If someone didn't care for maps before they got this book in their hands, they certainly will afterwards. There are stories behind every map. For example, I really liked the one about Phyllis Pearsall who walked the streets of London in order to publish the London A-Z. And he even mentions an episode from one of my favourite television shows, "The West Wing", where Press Secretary C.J. Cregg and Deputy Chief of Staff Josh Lyman attend a briefing by cartographers who want to change all maps in schools from the Mercator to the Peters Projection map and explain that Greenland is a lot smaller than Africa (fourteen times smaller, in fact), something you would never guess if you looked at the well-known Mercator map.

In one article, the author describes the way a lot of computer games are based on maps. This reminded me of one of our favourite first games called Bushbuck. It was a treasure hunt, you would be given an object that was well known for a certain town (usually the capital of a country) and you had to fly there. Along the way you would receive hints until you found the town. It was a wonderful game and we found exotic places like Tuvalu and Kiribati. A wonderful way to learn the countries and their capitals, unfortunately it does not seem to exist anymore.
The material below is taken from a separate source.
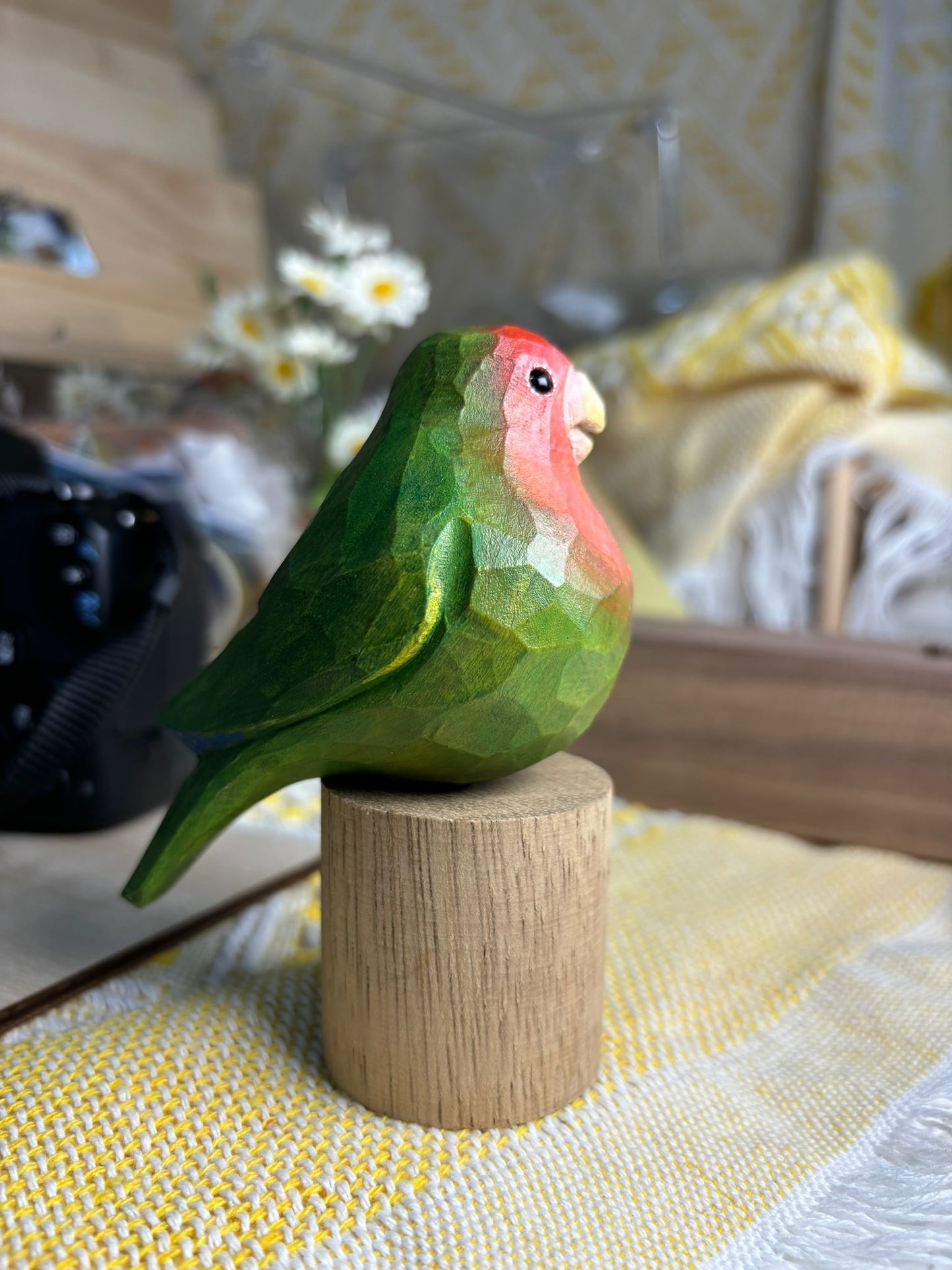 Pair of Lovebirds Figurine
If you didn't get the idea until now, I really loved this book.

One of my favourite quotes on page 63: "Most [maps] share a common purpose: they were not intended for use, at least not for travel use. Rather, they were statements of philosophical, political, religious, encyclopedic and conceptual concerns."

See more comments on my ThrowbackThursday post in 2025.

From the back cover:

"Maps fascinate us. They chart our understanding of the world and they log our progress, but above all they tell our stories. From the early sketches of philosophers and explorers through to Google Maps and beyond, Simon Garfield examines how maps both relate and realign our history.

With a historical sweep ranging from Ptolemy to Twitter, Garfield explores the legendary, impassable (and non-existent) mountains of Kong, the role of cartography in combatting cholera, the 17th-century Dutch craze for Atlases, the Norse discovery of America, how a Venetian monk mapped the world from his cell and the Muppets' knack of instant map-travel. Along the way are pocket maps of dragons, Mars, murders and more, with plenty of illustrations and prints to signpost the route.

From the bestselling and widely-adored author of
Just My Type, On The Map is a witty and irrepressible examination of where we've been, how we got there and where we're going."

Monday, 26 March 2012

Winchester, Simon "The Map that Changed the World"

Winchester, Simon "The Map that Changed the World: A Tale of Rocks, Ruin and Redemption" - 2001

This was one of the most interesting scientific books I ever read. William Smith, an ordinary boy in the 18th century, discovers the history of our planet. He was the first to find that the earth is arranged in layers, he found fossils that were different from those in other areas, he detects that England has to have been under water once, he discovers the ice age. He made a geological map of England that looks very much like the one they still use today. Amazing. I loved to read the story of this ordinary guy who changed mapmaking forever, who discovered so much without ever having been educated that way. He laid the groundwork for so many other scientific discoveries that would change the world forever. This is a book everybody should read.

See more comments on my ThrowbackThursday post in 2025.

From the back cover:

"The fascinating story of William Smith, the orphaned son of an English country blacksmith, who became obsessed with creating the world's first geological map and ultimately became the father of modern geology."